• **Instructions to follow**
Output each record below exactly, leaving any picture out of the copy.

• **Data provided**

>>>

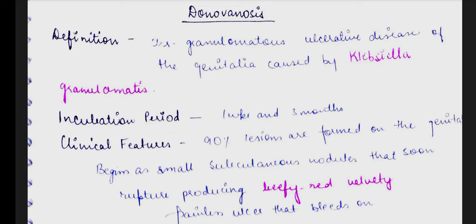Hey guys, once again welcome back to my YouTube channel Medicure Buddy. The video I am going to share with you today is on donovanosis. Donovanosis is an ulcerative disease which is caused by Klebsiella granulomatis.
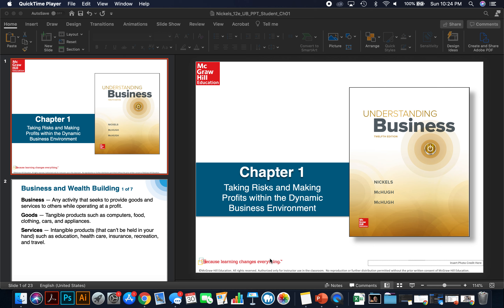Welcome to Introduction to Business. Hopefully by now you've gotten your book, Understanding Business, the 12th edition. Please review the syllabus — you can buy this book used through the bookstore or purchase the e-book version through McGraw-Hill directly. Also, please note that this week you'll have an assignment due, where you'll have to write a one-page paper, and we'll go over that shortly.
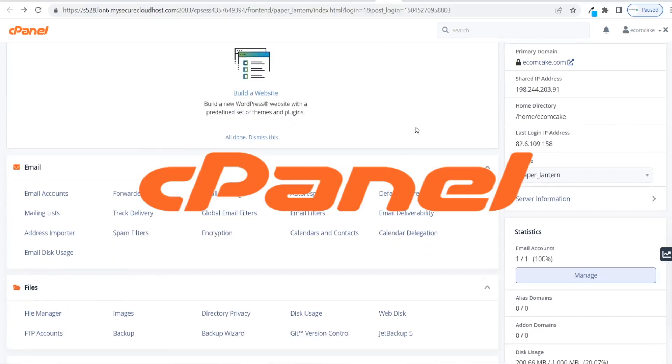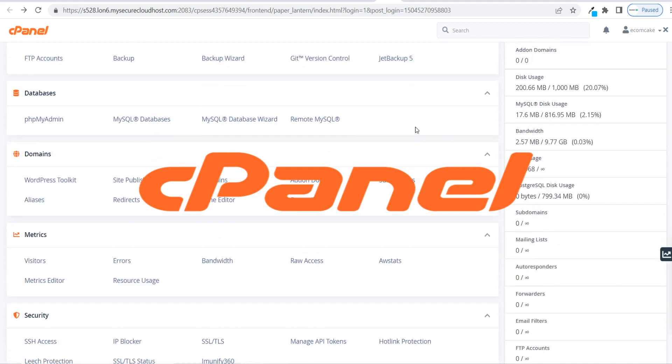In today's video I'm going to be showing you how to set up web hosting for your reseller hosting clients using cPanel. So if you're a hosting reseller or a web designer looking to get started with reseller hosting, this is going to be the video for you. I'm going to be showing you how quick and easy it is to start hosting your clients' websites using cPanel and to start bringing in an extra stream of recurring revenue. This is Elliot with Verpex, and let's get straight into it.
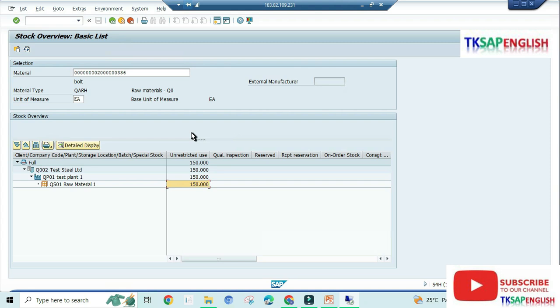Now we are going to clear the error one by one. This is a one-time error. Once we cleared, the next time goods receipt transactions, the error won't happen.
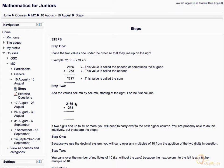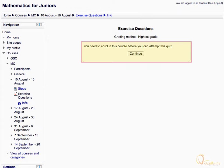Similarly, click on any activity to display it. Notice the warning which states that you need to enroll in a course before attempting this quiz.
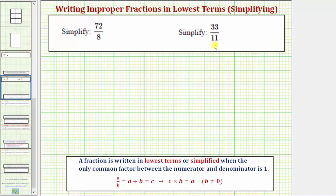We want to simplify the given fractions. Here we have two examples of improper fractions, where an improper fraction is a fraction where the numerator is greater than or equal to the denominator. Remember that a fraction is written in lowest terms or simplified when the only common factor between the numerator and denominator is one.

<<<

• **Final answer**
Hey guys, once again welcome back to my YouTube channel Medicure Buddy. The video I am going to share with you today is on donovanosis. Donovanosis is an ulcerative disease which is caused by Klebsiella granulomatis.
Welcome to Introduction to Business. Hopefully by now you've gotten your book, Understanding Business, the 12th edition. Please review the syllabus — you can buy this book used through the bookstore or purchase the e-book version through McGraw-Hill directly. Also, please note that this week you'll have an assignment due, where you'll have to write a one-page paper, and we'll go over that shortly.
In today's video I'm going to be showing you how to set up web hosting for your reseller hosting clients using cPanel. So if you're a hosting reseller or a web designer looking to get started with reseller hosting, this is going to be the video for you. I'm going to be showing you how quick and easy it is to start hosting your clients' websites using cPanel and to start bringing in an extra stream of recurring revenue. This is Elliot with Verpex, and let's get straight into it.
Now we are going to clear the error one by one. This is a one-time error. Once we cleared, the next time goods receipt transactions, the error won't happen.
Similarly, click on any activity to display it. Notice the warning which states that you need to enroll in a course before attempting this quiz.
We want to simplify the given fractions. Here we have two examples of improper fractions, where an improper fraction is a fraction where the numerator is greater than or equal to the denominator. Remember that a fraction is written in lowest terms or simplified when the only common factor between the numerator and denominator is one.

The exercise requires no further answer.